Alex Arrow - Analyst
Would it be fair to conclude, for those of us who are just trying to analyze this from the outside, that if we were to take that same walk that you just did through your QHR facility, that the degree of automation there is similar to the degree of automation in Guidant, Medtronic or St. Jude's own assembly?
Ed Voboril - Chairman, President & CEO
I don't think so. I haven't been through some of the facilities that you might have seen, but I would say it's probably not comparable to the level of automation.
Alex Arrow - Analyst
But it's a step up from what it used to be?
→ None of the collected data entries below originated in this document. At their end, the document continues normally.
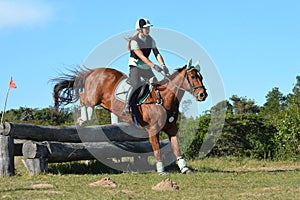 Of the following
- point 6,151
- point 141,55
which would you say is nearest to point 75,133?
point 6,151

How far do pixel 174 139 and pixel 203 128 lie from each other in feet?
21.7

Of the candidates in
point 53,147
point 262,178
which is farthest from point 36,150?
point 262,178

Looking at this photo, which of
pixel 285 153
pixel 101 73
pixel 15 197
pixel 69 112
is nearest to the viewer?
pixel 15 197

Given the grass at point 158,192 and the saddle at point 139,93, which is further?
the saddle at point 139,93

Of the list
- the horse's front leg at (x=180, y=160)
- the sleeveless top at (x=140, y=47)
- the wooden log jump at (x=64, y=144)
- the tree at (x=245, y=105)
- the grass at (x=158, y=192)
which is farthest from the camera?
the tree at (x=245, y=105)

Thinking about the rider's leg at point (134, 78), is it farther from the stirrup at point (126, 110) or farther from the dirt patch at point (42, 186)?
the dirt patch at point (42, 186)

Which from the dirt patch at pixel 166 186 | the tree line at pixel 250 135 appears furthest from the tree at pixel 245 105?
the dirt patch at pixel 166 186

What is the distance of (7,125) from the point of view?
1091cm

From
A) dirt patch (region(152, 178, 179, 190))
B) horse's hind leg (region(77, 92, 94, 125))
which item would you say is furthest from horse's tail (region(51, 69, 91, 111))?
dirt patch (region(152, 178, 179, 190))

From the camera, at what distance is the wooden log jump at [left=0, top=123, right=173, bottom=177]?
1089 cm

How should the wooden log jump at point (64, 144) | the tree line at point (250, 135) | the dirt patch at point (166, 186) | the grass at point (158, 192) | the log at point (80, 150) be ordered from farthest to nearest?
1. the tree line at point (250, 135)
2. the log at point (80, 150)
3. the wooden log jump at point (64, 144)
4. the dirt patch at point (166, 186)
5. the grass at point (158, 192)

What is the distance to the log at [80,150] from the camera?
11.0 m

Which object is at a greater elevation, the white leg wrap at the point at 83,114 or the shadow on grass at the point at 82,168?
the white leg wrap at the point at 83,114

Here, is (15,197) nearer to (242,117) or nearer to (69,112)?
(69,112) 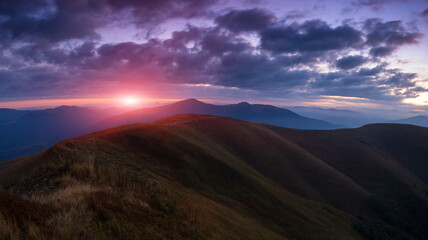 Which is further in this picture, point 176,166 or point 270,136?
point 270,136

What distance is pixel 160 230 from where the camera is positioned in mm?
6445

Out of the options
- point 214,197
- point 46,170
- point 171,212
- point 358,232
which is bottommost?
point 358,232

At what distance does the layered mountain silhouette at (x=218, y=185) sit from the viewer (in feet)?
20.1

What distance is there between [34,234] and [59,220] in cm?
69

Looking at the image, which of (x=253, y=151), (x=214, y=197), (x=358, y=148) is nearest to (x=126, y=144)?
(x=214, y=197)

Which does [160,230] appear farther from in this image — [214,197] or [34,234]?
[214,197]

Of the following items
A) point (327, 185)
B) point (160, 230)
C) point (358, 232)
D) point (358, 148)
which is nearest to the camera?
point (160, 230)

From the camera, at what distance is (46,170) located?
31.4 feet

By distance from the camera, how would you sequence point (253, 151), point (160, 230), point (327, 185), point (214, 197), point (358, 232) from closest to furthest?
point (160, 230) < point (214, 197) < point (358, 232) < point (327, 185) < point (253, 151)

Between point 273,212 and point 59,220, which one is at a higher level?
point 59,220

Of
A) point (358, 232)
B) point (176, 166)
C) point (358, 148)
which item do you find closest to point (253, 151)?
point (358, 232)

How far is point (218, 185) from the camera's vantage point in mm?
37812

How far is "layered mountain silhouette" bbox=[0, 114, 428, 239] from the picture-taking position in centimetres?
612

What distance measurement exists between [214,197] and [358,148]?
359 feet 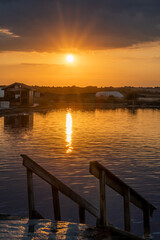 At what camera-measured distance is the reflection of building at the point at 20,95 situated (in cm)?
7338

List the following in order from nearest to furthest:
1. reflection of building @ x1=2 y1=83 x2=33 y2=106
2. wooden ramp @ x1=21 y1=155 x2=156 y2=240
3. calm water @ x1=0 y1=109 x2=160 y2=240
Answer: wooden ramp @ x1=21 y1=155 x2=156 y2=240 < calm water @ x1=0 y1=109 x2=160 y2=240 < reflection of building @ x1=2 y1=83 x2=33 y2=106

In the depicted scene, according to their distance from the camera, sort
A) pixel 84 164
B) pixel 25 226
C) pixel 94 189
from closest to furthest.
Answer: pixel 25 226, pixel 94 189, pixel 84 164

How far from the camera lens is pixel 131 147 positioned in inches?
1025

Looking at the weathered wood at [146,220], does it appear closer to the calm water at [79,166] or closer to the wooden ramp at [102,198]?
the wooden ramp at [102,198]

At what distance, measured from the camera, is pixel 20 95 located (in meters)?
72.8

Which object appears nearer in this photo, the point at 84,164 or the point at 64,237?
the point at 64,237

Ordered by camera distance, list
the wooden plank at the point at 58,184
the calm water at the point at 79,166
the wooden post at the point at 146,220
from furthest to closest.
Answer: the calm water at the point at 79,166
the wooden post at the point at 146,220
the wooden plank at the point at 58,184

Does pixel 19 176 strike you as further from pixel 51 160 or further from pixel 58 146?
pixel 58 146

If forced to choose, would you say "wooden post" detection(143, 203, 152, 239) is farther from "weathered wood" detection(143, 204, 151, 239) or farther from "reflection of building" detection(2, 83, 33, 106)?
"reflection of building" detection(2, 83, 33, 106)

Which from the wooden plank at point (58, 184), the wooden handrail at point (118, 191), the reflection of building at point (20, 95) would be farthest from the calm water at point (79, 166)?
the reflection of building at point (20, 95)

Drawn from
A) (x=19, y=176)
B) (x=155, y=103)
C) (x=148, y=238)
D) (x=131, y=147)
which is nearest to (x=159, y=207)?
(x=148, y=238)

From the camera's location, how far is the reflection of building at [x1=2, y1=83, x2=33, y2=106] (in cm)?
7338

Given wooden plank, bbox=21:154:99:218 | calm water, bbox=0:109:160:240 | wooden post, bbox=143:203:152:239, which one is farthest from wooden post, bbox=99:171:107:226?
calm water, bbox=0:109:160:240

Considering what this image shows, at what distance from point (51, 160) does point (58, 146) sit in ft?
19.4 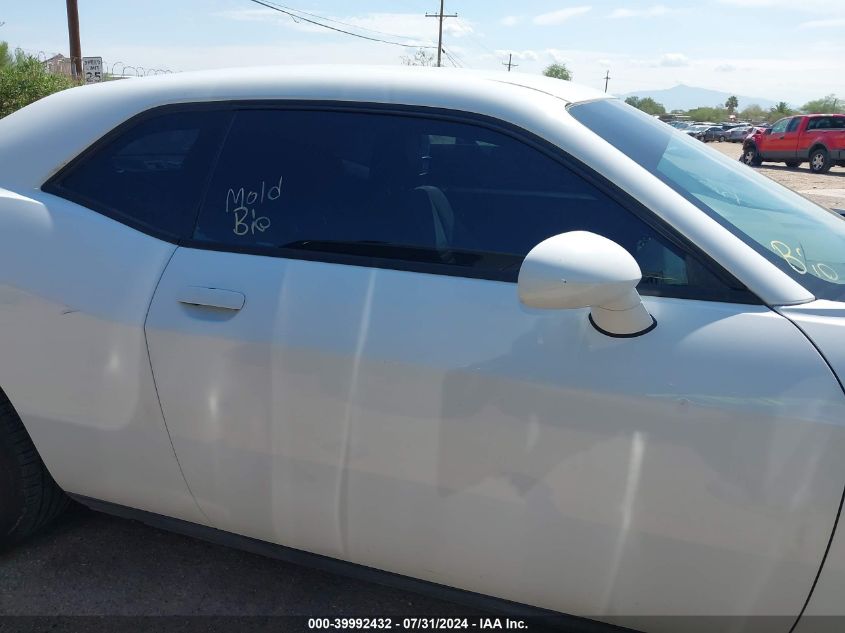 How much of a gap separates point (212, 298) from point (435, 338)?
0.64 metres

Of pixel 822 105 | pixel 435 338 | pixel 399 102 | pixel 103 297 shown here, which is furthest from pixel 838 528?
pixel 822 105

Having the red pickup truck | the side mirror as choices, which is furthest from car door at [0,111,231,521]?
the red pickup truck

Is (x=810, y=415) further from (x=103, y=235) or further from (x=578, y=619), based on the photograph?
(x=103, y=235)

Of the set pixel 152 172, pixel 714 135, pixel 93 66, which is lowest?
pixel 714 135

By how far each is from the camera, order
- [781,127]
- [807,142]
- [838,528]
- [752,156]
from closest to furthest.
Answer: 1. [838,528]
2. [807,142]
3. [781,127]
4. [752,156]

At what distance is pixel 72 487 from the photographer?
2273mm

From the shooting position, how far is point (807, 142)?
73.9 feet

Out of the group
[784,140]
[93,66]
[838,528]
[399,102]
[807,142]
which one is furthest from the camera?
[784,140]

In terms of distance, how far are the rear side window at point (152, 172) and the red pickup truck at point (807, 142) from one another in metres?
23.9

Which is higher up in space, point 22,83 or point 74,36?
point 74,36

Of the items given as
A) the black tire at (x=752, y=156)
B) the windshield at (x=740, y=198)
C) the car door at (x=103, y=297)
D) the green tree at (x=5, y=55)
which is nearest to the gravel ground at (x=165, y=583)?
the car door at (x=103, y=297)

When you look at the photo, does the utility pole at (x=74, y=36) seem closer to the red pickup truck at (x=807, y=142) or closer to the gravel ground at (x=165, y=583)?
the gravel ground at (x=165, y=583)

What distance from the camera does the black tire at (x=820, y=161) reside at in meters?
21.8

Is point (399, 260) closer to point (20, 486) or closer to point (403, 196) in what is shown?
point (403, 196)
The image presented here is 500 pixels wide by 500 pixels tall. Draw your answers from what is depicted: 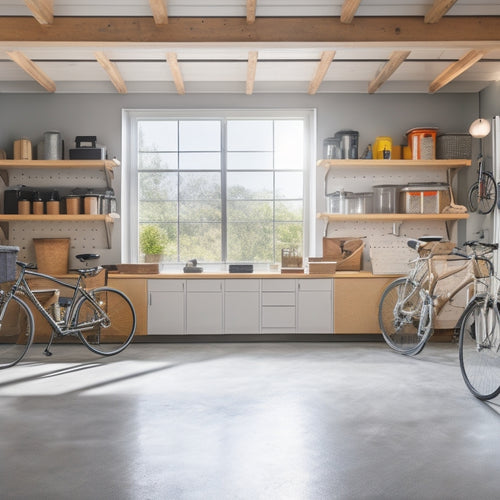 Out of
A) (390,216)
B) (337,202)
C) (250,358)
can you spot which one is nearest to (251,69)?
(337,202)

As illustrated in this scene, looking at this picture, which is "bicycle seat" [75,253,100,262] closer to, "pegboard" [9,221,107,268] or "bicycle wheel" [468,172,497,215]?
"pegboard" [9,221,107,268]

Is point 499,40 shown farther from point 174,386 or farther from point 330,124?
point 174,386

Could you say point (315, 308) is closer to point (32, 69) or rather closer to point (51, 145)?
point (51, 145)

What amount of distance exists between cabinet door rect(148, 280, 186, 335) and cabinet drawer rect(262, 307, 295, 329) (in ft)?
3.09

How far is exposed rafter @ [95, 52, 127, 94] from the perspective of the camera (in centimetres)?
555

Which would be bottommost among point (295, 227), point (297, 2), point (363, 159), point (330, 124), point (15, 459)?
point (15, 459)

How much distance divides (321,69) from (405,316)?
9.20 ft

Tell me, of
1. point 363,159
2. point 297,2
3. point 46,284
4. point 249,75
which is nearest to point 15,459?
point 46,284

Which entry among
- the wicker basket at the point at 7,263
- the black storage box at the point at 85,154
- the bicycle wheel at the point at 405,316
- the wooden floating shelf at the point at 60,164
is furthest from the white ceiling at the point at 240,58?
the bicycle wheel at the point at 405,316

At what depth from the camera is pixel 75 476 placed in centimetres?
260

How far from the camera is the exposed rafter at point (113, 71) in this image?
5.55 meters

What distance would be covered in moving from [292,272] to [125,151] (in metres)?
2.60

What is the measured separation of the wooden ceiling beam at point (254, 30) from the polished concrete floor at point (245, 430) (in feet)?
9.54

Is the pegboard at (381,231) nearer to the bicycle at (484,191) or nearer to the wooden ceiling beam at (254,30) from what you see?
the bicycle at (484,191) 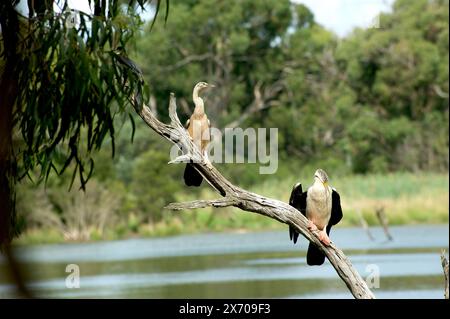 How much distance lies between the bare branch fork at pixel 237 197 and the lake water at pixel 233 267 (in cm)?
459

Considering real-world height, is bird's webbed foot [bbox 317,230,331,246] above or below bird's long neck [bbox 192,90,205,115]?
below

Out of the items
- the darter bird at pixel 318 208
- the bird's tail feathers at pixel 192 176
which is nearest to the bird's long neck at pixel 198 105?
the bird's tail feathers at pixel 192 176

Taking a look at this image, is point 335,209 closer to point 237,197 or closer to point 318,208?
point 318,208

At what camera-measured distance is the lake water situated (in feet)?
44.0

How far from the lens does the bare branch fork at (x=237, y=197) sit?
20.7ft

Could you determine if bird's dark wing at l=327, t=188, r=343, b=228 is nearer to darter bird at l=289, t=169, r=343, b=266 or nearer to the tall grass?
darter bird at l=289, t=169, r=343, b=266

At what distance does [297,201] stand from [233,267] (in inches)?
371

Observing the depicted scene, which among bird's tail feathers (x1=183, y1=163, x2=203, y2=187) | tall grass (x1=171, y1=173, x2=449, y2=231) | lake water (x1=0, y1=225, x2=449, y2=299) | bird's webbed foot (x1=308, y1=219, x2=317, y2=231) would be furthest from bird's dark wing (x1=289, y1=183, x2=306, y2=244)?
tall grass (x1=171, y1=173, x2=449, y2=231)

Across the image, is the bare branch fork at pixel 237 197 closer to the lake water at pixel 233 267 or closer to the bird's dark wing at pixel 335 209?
the bird's dark wing at pixel 335 209

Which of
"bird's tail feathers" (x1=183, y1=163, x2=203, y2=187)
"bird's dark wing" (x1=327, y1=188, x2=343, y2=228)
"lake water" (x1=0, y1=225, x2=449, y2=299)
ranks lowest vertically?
"lake water" (x1=0, y1=225, x2=449, y2=299)

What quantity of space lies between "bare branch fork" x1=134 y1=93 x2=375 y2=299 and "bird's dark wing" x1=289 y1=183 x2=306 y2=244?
206 millimetres

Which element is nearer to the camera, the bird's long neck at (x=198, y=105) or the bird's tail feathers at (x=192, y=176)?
the bird's tail feathers at (x=192, y=176)

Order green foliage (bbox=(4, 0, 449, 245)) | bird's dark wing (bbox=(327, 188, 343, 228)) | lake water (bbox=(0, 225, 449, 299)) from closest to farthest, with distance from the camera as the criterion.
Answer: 1. bird's dark wing (bbox=(327, 188, 343, 228))
2. lake water (bbox=(0, 225, 449, 299))
3. green foliage (bbox=(4, 0, 449, 245))

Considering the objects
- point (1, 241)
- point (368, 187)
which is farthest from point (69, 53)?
point (368, 187) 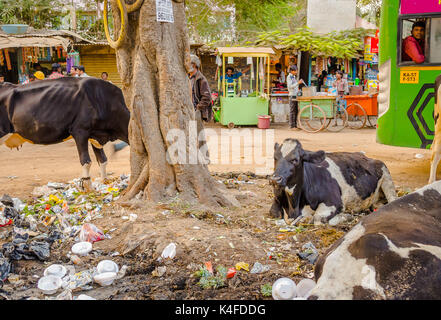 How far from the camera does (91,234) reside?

Ed Voboril - Chairman, President & CEO
Absolutely. A major step.
Operator
That does conclude today's question-and-answer session. I would like to turn the call back over to Tony Borowicz for closing remarks.
Tony Borowicz - Treasurer & Director, IR
Thanks. I would just like to remind everyone that both the audio portion of this call and the slide visuals will be archived on our Website at Greatbatch.com for the next 90 days. Thanks, everyone, for joining us today.
Operator
Thank you for your participation. That does conclude today's conference call.